I've always been this way. And the messiness of the past few years has seemed to heighten my obsession with certain dates through the year.
I believe it is because I'm sometimes still in shock that I've made it this far and survived another year.
Nine years ago, I got married. I wore the hugest, poofiest tulle dress. My hair was dark brown and medium length. It was straightened and half up---simple, just like most of my wedding details.
My colors were red, orange and yellow. Not maroon, burnt orange, and mustard---but bright red, orange and yellow. I've always loved sunshine and those colors make me very happy.
Nine years ago.
I was 19.5 years old nine years ago---exactly. I got married on my half birthday.
You guys, I was so in love. I thought my world had landed on a huge bubble that would forever protect me.
Nobody told me there could potentially be huge obstacles. Nobody told me I might be choosing to battle between fighting for my husband and my own self worth. Nobody told me about addiction---that my husband could choose to lie to me even if he acted like everything was fine the majority of the time.
And should they have?
I don't know.
It wasn't any of their faults. In fact, I think throughout the past few years, my people have learned and grown with me.
At 19, I was clueless to anything other than the fact that I was in love. I didn't care about anything else. I didn't ask deep questions. I was in love and I thought love always won in the end.
And it can. Love can win. But only if both parties agree to it and fight for it.
It doesn't work as a one way street.
And we weren't both fighting for it.
Two years ago, as I was nearing my first marriage anniversary since our divorce, I wasn't quite sure what to do. I knew I didn't want this day to be sad or negative. I wanted it to be happy.
And so we celebrated our "famiversary", my kids and I. I told them stories from our wedding and from various times throughout our marriage. I wanted them to know about the good times. And last year, we did the same thing.
This year, we were busier with dance so we were only able to squeeze in a Chik-Fil-A date today to celebrate that nine years ago, their dad and I made a decision that would bond us as a family forever, a decision that would ultimately bring them both into this world.
As I was talking with Hayley while driving today, I told her how this special day is the reason she is a part of our family. Her dad and I chose to get married and we were so excited to have a baby and without the commitment we made that day, she probably wouldn't be here in our family. And her response was, "Oh, kinda like how your first baby died and how if that didn't happen, I wouldn't be here?"
I guess I had forgotten that we'd even semi-explained miscarriage to her a year or so ago.

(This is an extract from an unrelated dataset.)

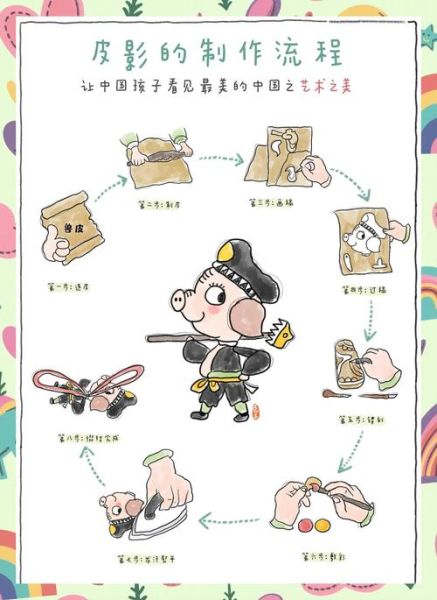 写非物质文化遗产的介绍（如何写非物质文化遗产介绍——新手入门完全指南）-第2张图片-八三百科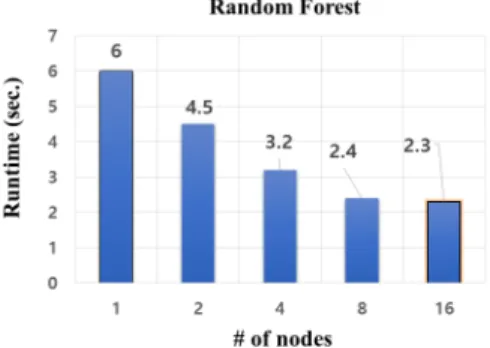 Fig. 12. A comparison of runtime for Random Forest  algorithm.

Although her statement caught me off guard, it reminded me that everything really does happen in the timeline it is supposed to happen. I was devastated when I miscarried but months later, when I got pregnant with Hayley, the timing was so different and better and I am so grateful she is here with me today.
I don't regret getting married at 19 or marrying my then-husband. Those choices gave me the two most precious gifts I've ever been given.
Today was a happy day and I was able to remember some happy times from the past year.
And for that, I am sincerely grateful.
It's still hard to believe that it's been nine whole years since that day but I have learned and grown so much in the past nine years and I am so thankful for everything the past nine years has taught me.